I am using the ELISA kits from R&D Systems and am supposed to let the plates incubate with color buffers for 20 minutes before reading. I accidentally pulled the plates out at 15 or 17 minutes, added stop buffer, and read on the spec. The standards are low (highest, 1000pg/ml, averaged 1.7 OD, about where my second-highest standard usually reads). The standard curve looks good and my samples, which are high in concentration, are all in range and fall in the middle of the curve. Everything is just downshifted a bit in the readings. Does that seem like a problem for accuracy?

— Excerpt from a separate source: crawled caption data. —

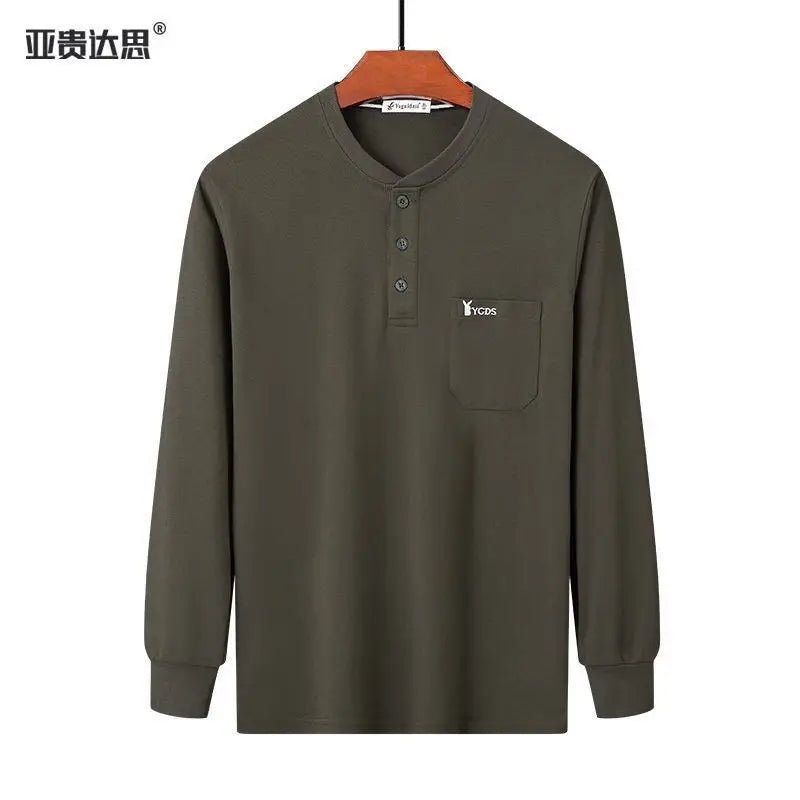 Men Green Cotton Collar T-Shirt with Pocket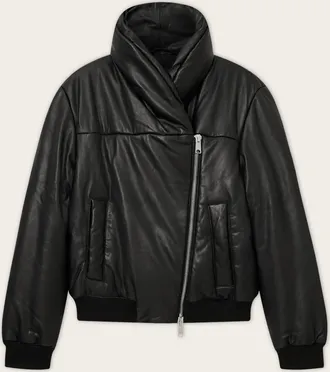 AllSaints Lauren Leather Puffer Jacket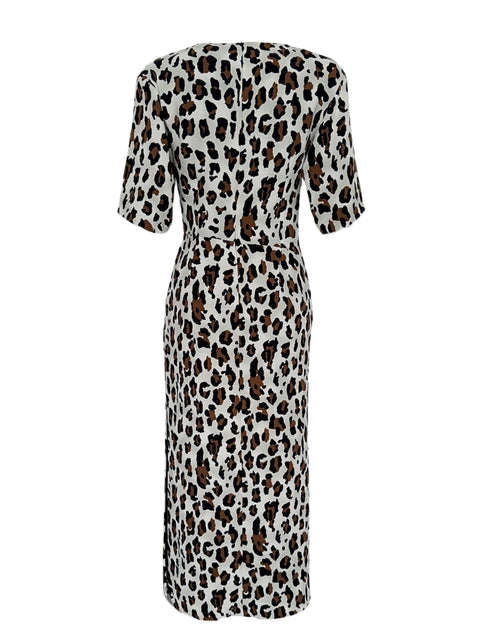 BELİ DÜĞÜM DETAY LEOPAR DESEN ELBİSE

I think no problem because you make the same circumstances for all samples and standards when you work the procedure.
That's fine when appropriate negative and more so positive controls are put alongside. You will get relative absorbance values. That's fine!
I think no problem because you make the same circumstances for all samples and standards when you work the procedure.
Dear Beatitude Steffen ,
There is no problem in what happened, as all the values are based on the same temporal reaction and it occurs simultaneously with your calibration curve, in which you will base your results. The only thing is that, whether you repeat the assay, you should stop the reaction after the same time in this procedure, as not all chemical reactions have linear kinetics. Normally R&D Elisa kits use HCl 2 N to stop the reaction and a peroxidase based color substrate. Nevertheless it may use TMB, or other reagents. That's why I would advise the time aspect for your future assays.
Eduardo.
One must follow the same procedure for reproducibility of results and comparison with new samples or treatments.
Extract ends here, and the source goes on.